To find the last two digits of \(3^{400}\), we can use the concept of modular arithmetic, specifically calculating \(3^{400} \mod 100\). ### Step-by-Step Solution: 1. **Use the Chinese Remainder Theorem**: We can break down the problem by finding \(3^{400} \mod 4\) and \(3^{400} \mod 25\), and then combine the results using the Chinese Remainder Theorem. 2. **Calculate \(3^{400} \mod 4\)**: \[ 3 \equiv -1 \mod 4 \] Therefore, \[ 3^{400} \equiv (-1)^{400} \equiv 1 \mod 4 \] 3. **Calculate \(3^{400} \mod 25\)**: We can use Euler's theorem here.
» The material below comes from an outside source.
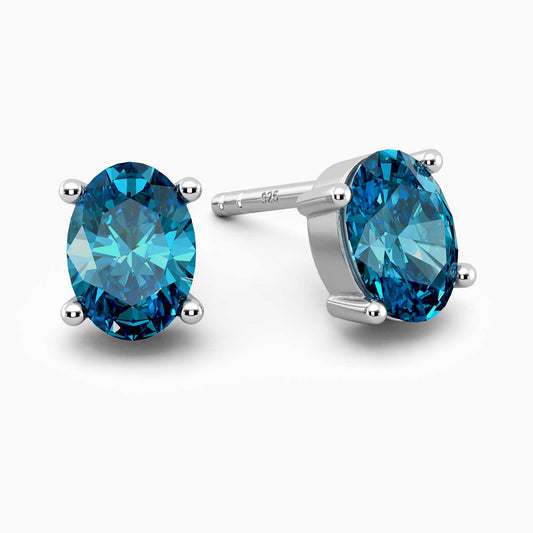 London Blue Topaz Oval Stud Earrings - 925 Sterling Silver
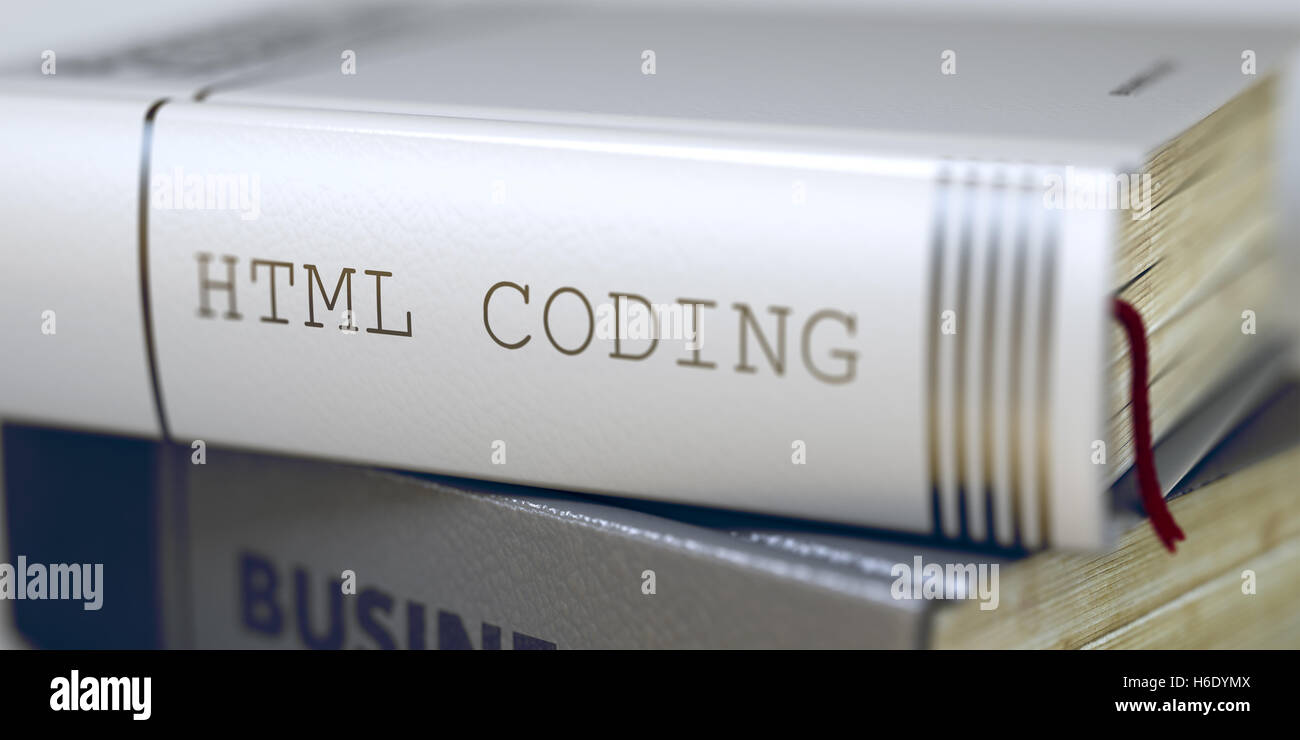 HTML-Code Konzept auf Buchtitel. 3D. Stockfoto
First, we find \(\phi(25)\): \[ \phi(25) = 25 \left(1 - \frac{1}{5}\right) = 25 \cdot \frac{4}{5} = 20 \] Since \(3\) and \(25\) are coprime, we can apply Euler's theorem: \[ 3^{20} \equiv 1 \mod 25 \] Now, we need to find \(400 \mod 20\): \[ 400 \div 20 = 20 \quad \text{(exactly, so remainder is 0)} \] Thus, \[ 3^{400} \equiv (3^{20})^{20} \equiv 1^{20} \equiv 1 \mod 25 \] 4. **Combine the results using the Chinese Remainder Theorem**: We have: \[ 3^{400} \equiv 1 \mod 4 \] \[ 3^{400} \equiv 1 \mod 25 \] Since both congruences yield the same result, we can conclude: \[ 3^{400} \equiv 1 \mod 100 \] 5. **Final Result**: The last two digits of \(3^{400}\) are \(01\).